John Fetcho , Dec 14, 2007; 07:55 p.m.

I take a lot of action shots in low light conditions. This would include marching band competions at night (and indoors), indoor musical and theatrical productions and ice skating competions in indoor arenas. Up until now I've just always used a film camera (Pentax ZX-30) with a 80-300mm zoom lens (4.5- 5.6). I need to use a shutter speed of least at 1/90th, so I've been using 1600 speed print film.

I have been very satisified with the results that I've been getting with film, but I would welcome the flexibilty of a digital camera. I would like to stay at a price point of $800 or less. That being said, if there was something at $1,000 that was clearly head and shoulder above everything else, I would certainly consider it.

Not knowing much about digital SLRs, is it realistic to expect that a digital camera in the price range I've suggested can deliver images equivalent to film (realtive to graininess/noise) given the conditions I've described? Has anyone shot in conditions similar to what I've described with a particular digital SLR that has given them good results? Is there something in particular that sets one camera apart from antoher in its ability to produce images in these conditions (with the least amount of noise) that I should be looking for? (For my questions, assume all cameras are using an eqivalent lens; the lens should a constant and not be variable in this equation.)

If anyone has any suggestions or comments, I would appreciate hearing them. Thank you.

Responses

Matt Laur , Dec 14, 2007; 08:02 p.m.

John: I'm sure you'll get a lot of this, but... faster lens! If you can go to f/2.8, you're WAY ahead on the need for such a high ISO, or on the noise you should expect to tolerate.
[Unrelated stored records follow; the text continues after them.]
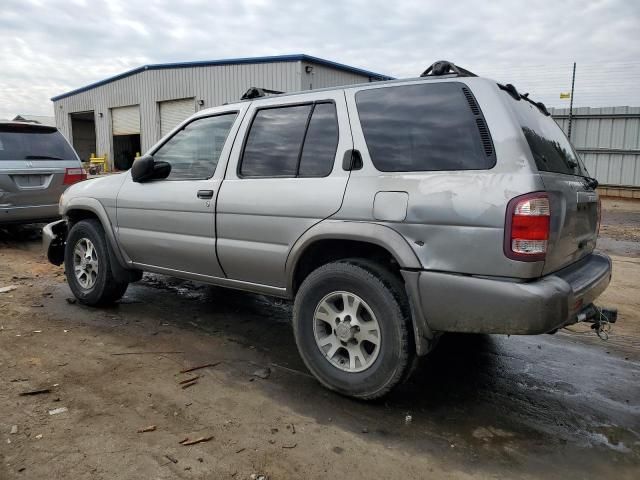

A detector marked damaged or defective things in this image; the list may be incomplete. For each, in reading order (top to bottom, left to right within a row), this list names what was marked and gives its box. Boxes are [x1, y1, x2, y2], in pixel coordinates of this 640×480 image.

damaged front end [42, 220, 68, 266]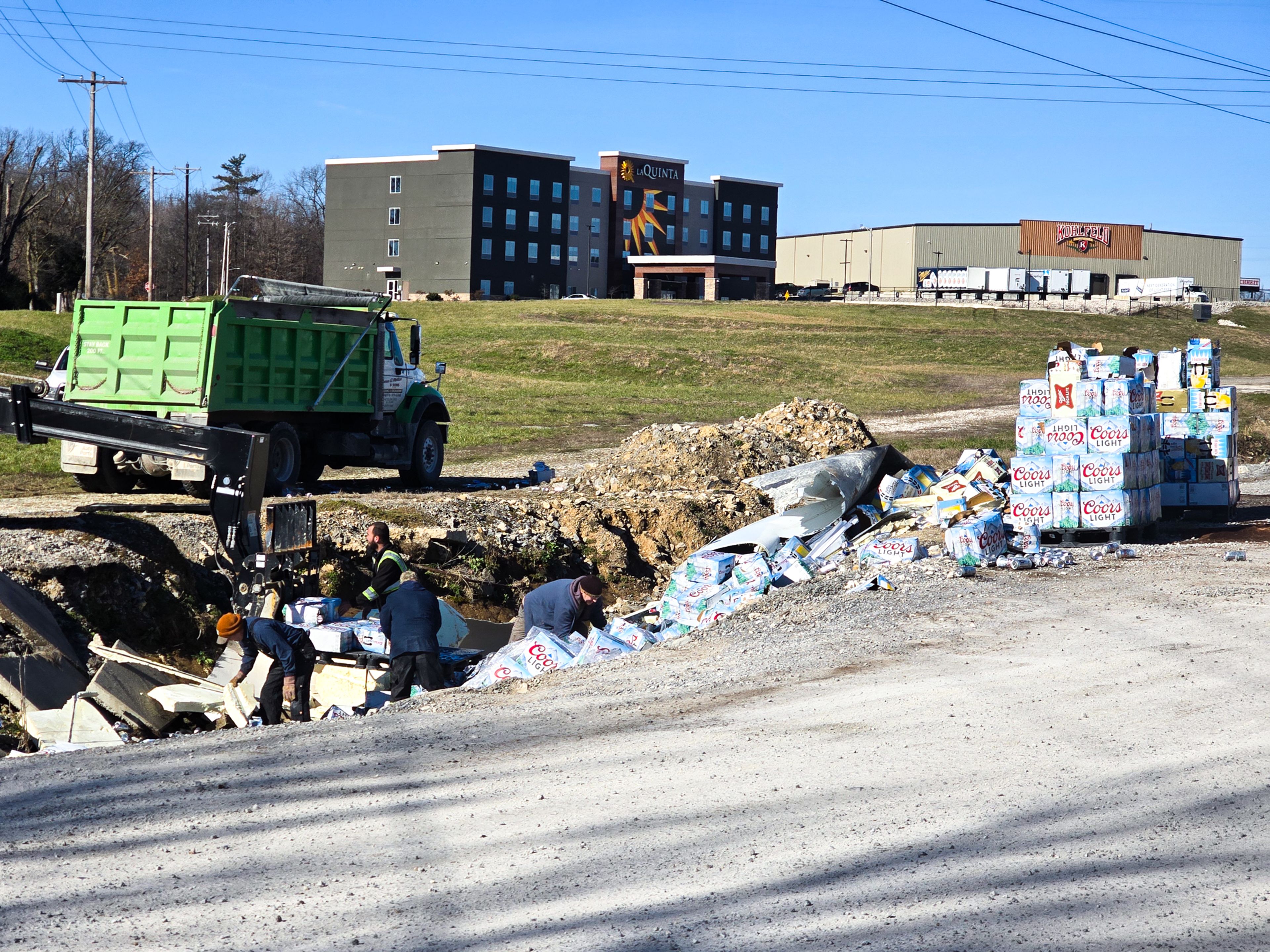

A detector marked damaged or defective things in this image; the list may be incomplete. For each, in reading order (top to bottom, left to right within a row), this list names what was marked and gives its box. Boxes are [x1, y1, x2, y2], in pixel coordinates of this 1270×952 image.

broken concrete slab [0, 655, 89, 716]
broken concrete slab [84, 645, 183, 736]
broken concrete slab [24, 695, 124, 751]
If you're OK, results-wise, with 1600 speed film and a 4.5-5.6 max aperture, then you'll REALLY be OK with ISO 800 and a f/2.8 lens. My Nikon D200 is quite tolerable at 800, and such noise as does appear there is easily dealt with in post-production.

The new D300 (and VERY clean at 1600) is outside of your budget, but the D80 should behave quite nicely. And, with an APS-C sized cropped sensor, you should be OK with a lens that only hits 200mm on the long end. Still, you're in for more than $1000 to do it in a tolerable way... but it doesn't have to be a new D3 to very nicely handle your requirements, given your existing threshold of noise pain.
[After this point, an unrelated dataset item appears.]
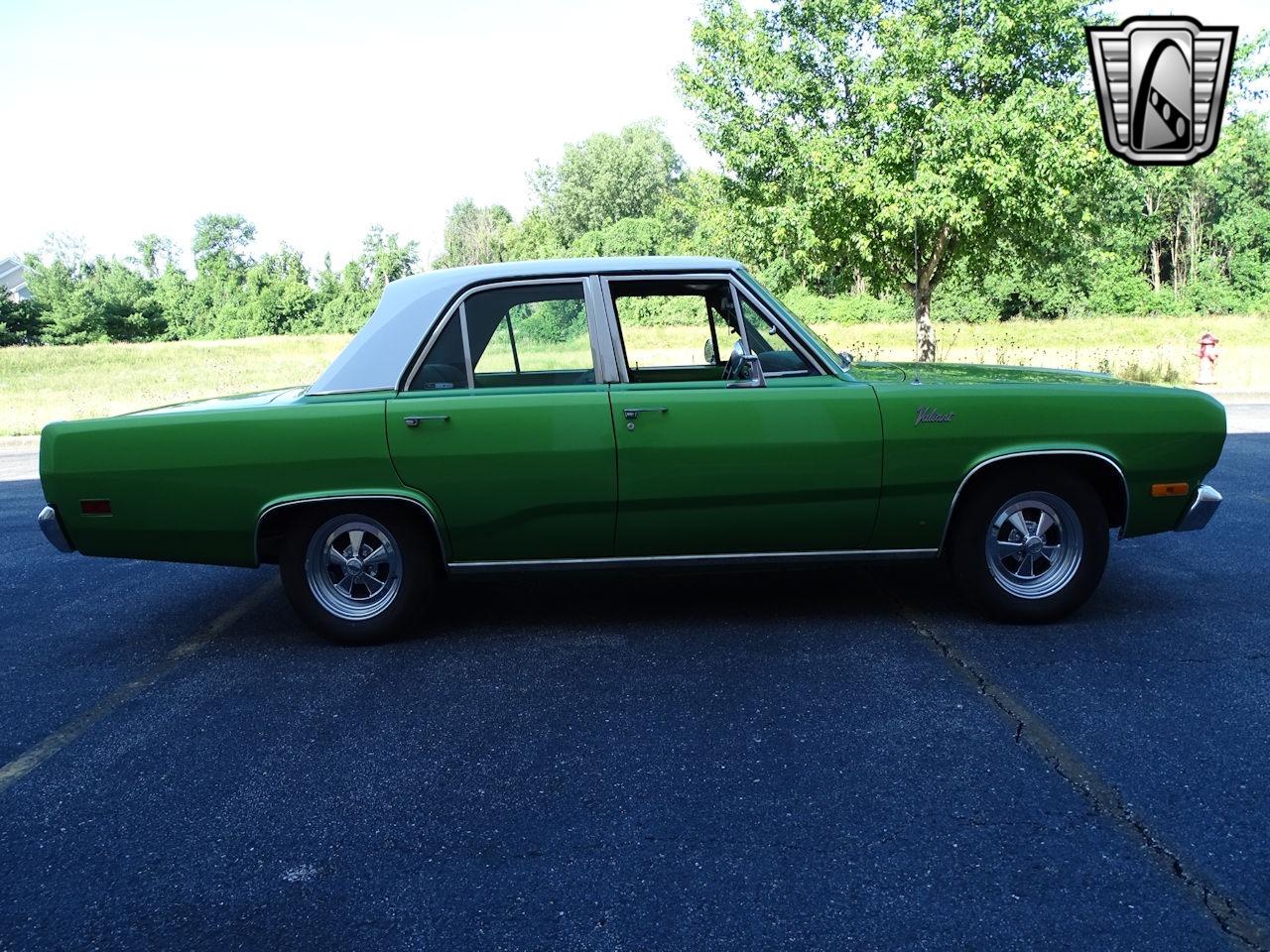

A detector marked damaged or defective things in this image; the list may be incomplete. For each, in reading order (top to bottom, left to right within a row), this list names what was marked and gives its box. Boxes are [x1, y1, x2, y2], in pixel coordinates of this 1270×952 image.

crack in asphalt [883, 594, 1270, 949]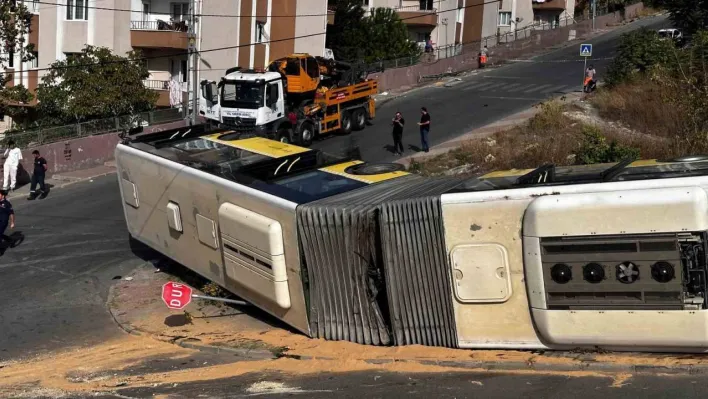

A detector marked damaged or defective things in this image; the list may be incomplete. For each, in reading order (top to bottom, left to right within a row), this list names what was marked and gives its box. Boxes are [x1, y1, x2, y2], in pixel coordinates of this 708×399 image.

overturned white bus [117, 127, 708, 354]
Harvey Edelstein , Dec 14, 2007; 08:21 p.m.

You need a fast tele like an 180mm f2.8 and D80 if you want Nikon gear. Forget the Zoom a Nikon 70-200mm f2.8 costs way more. The 80-200mm f2.8 is no match for the prime lens I mentioned which is one of Nikons best primes.

I don't know Canon but the last generation 30D I think works fine at iso 1600 and I am sure you can get some prime in the same range with IS that will give you an extra 2 f-stops.

David Haas , Dec 14, 2007; 08:21 p.m.

John -

For around $800 you can get the digital body (new D80 or Used D200) but not the lens. For low light you're going to want one of the prime lenses and for those you're looking at $1000 + just for the lens.

The D200 has acceptable noise levels up to ISO 3200 (with some post processing in Photoshop) I've never used a D80 (no reason to), but I've heard that the noise on the D80 becomes unusable after ISO 800.

For really low noise look at either the Canon Digitals or the new Nikon D3 / D300 (both of which are out of your price range.) Until Nikon introduced the D3/D300 Canon kicked Nikon in the low noise market.

For the record - I use Nikons and wouldn't switch. But I also believe in being fair.

Dave

Robert Budding , Dec 14, 2007; 09:02 p.m.

I use a D200, but the Nikon D80 noise level looks pretty good at ISO 800:

http://www.dpreview.com/reviews/nikond80/page18.asp

Add a 50mm f/1.8 lens for $100 and you've got a good starter setup for low light.

Others will chime in with recommendations on the Canon side.

Tommy Lee , Dec 15, 2007; 09:14 a.m.

Beside the latest more expensive DSLR (Nikon D3, d300, Sony A700, Olympus E3 and etc) Canon's older Digital Rebel (350D and 400D) are good at 1600 ISO. BTW: 1/90 is kinda low for ice skating, best use a 70-200/f2.8 zoom and higher shutter speed. May be you can find a lower cost ~$500 Sigma, Tokina and Tamron version. If you don't underexpose, the pentax K10D is OK too. But pentax's fast tele are expensive and hard to find.

Stuart Moxham - Finland , Dec 15, 2007; 03:29 p.m.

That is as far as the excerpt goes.